You ask for opinions on the slaughter of the Great War? Well, here's mine;
It was absolutely nescessary for those massive battles to take place. Yes, the casualty rates were appalling, but the ONLY way to win that war was on the Western Front against Germany. Germany being the most powerful of the Central Powers, it was only against Germany that victory could be achieved. Those morons in the British Parliament (First and foremost David Lloyd George) who were so adamant that the BEF should fight in other theatres to "knock the props from under Germany" and force her to surrender were delusional. Their only motive in this theory was to avaoid taking these huge casualties being inflicted upon the BEF by Germany. Examples include Gallipoli (complete fiasco), Salonika (Waste of nearly 200,000 British troops that could have been much better used in France) and Palestine where a quarter million British troops were wasted screwing around in the desert. (Palestine is in no way going to provide a decisive result against the Germans in France.)
It also has to be remembered that when the BEF was taking these ghastly casualties in France - they were serving a valid purpose, mainly sapping the German Army of it's strength. Let us also not forget that the French were completely exhausted by the Battle of Verdun and as a direct result of Verdun, led to the French Army's mutiny in 1917 in which over 80 Divisions flat out refused to take offensive action. This placed the onus of attack squarely on the British Army's shoulders. It was at the Battle of Third Ypres or more commonly referred to as Passchendaele that the German Army was broken. From this point on, the German Army was doomed to lose the war. They tried one last gasp with the Micheal offensive but it was doomed to failure right from the beginning. The same problem that plagued the Germans when trying to carry out the Schlieffen plan in the opening stages of the war came back and haunted them in the 1918 offensive. The German Army could only advance as far as the feet of their worn out Infantry could take them. They had no mass amounts of Cavalry to exploit gaps created, the Infantry advanced to quickly to stay in support range of the Guns, their supply lines were dangerously long and vulnerable, and lastly - the German Army never prescribed to Tanks in the Great War. (How ironic) Yes, they had the A7V, but it was not in large numbers nor was it very reliable.
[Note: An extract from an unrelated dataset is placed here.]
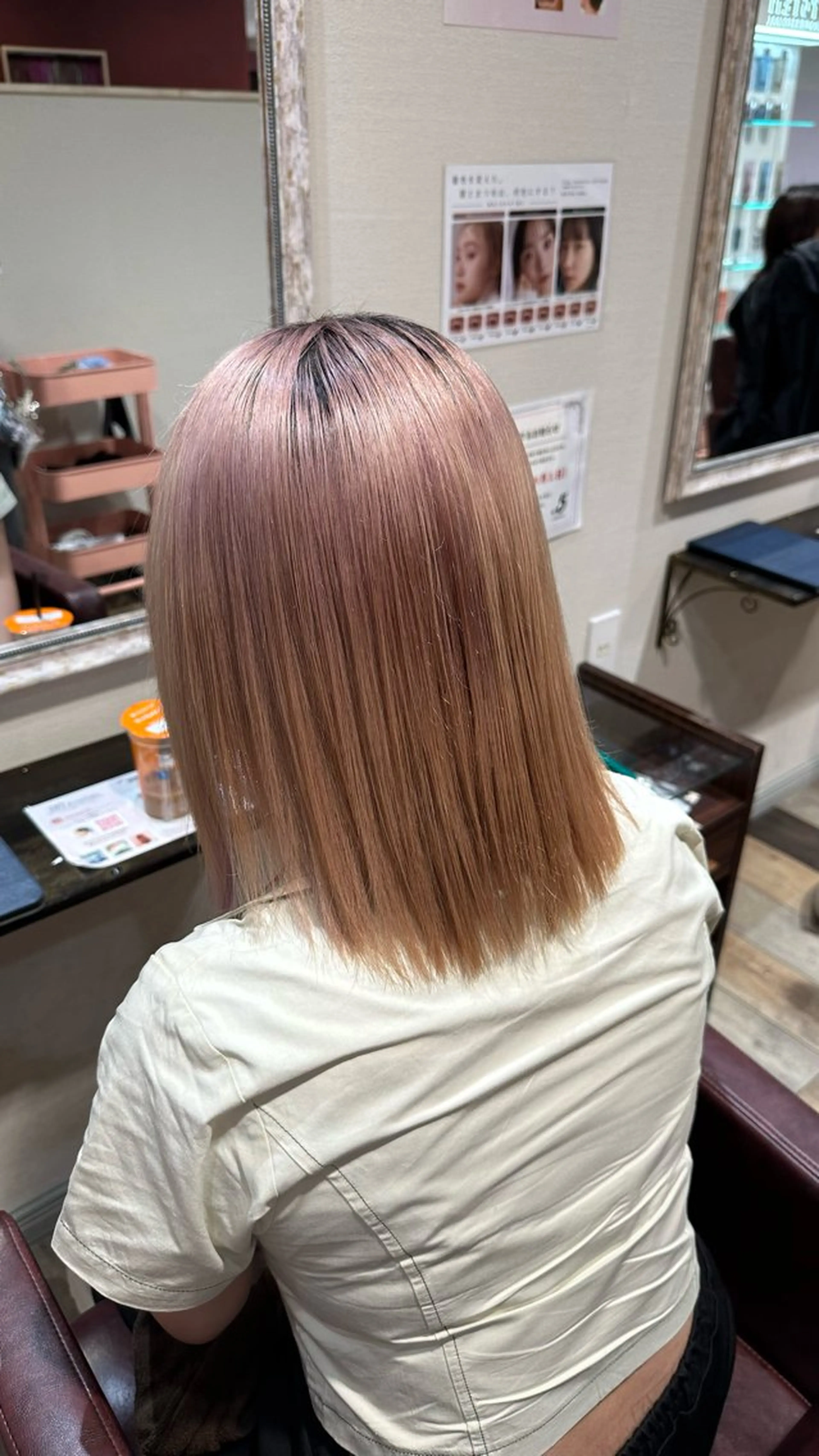 ショート あいさ🤍ムラ無しカ ラー🤍のヘアスタイル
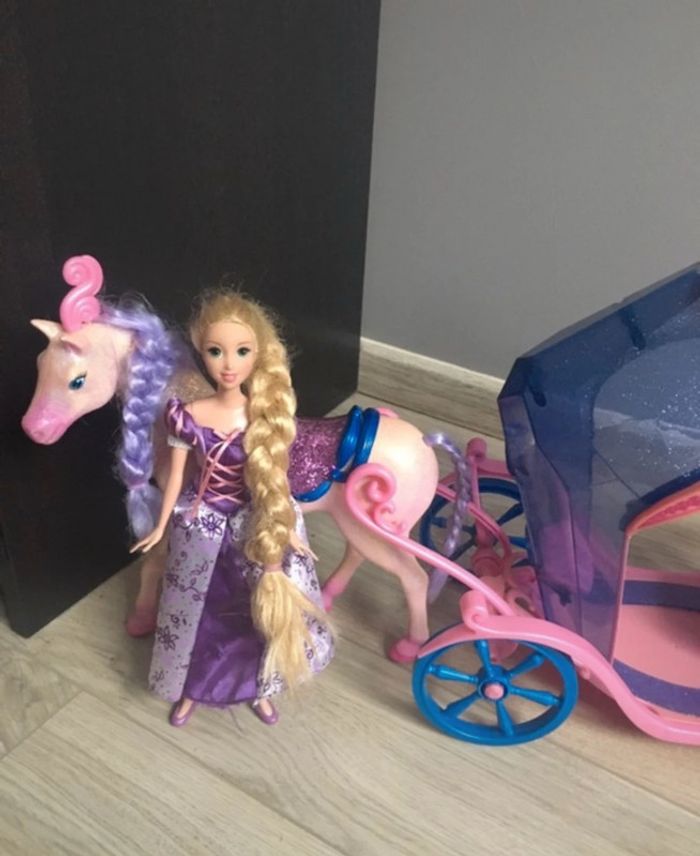 Barbie raiponce et carosse - photo numéro 2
Gen. Sir Douglas Haig should be regarded as one of the most brilliant General's in Britain's history. He never waivered in his resolve to defeat the German's despite taking horrendous casualties. The British had their fair share of incompetent General's, but Haig was not one of them. He did what had to be done to win that war. The huge casualty lists coming out of France in the Great War served a purpose. The causualty lists that came out of Gallipoli and Palestine were the tragic wastes because those theatres could not produce a decisive victory, but provide merely a sideshow from the main event in France.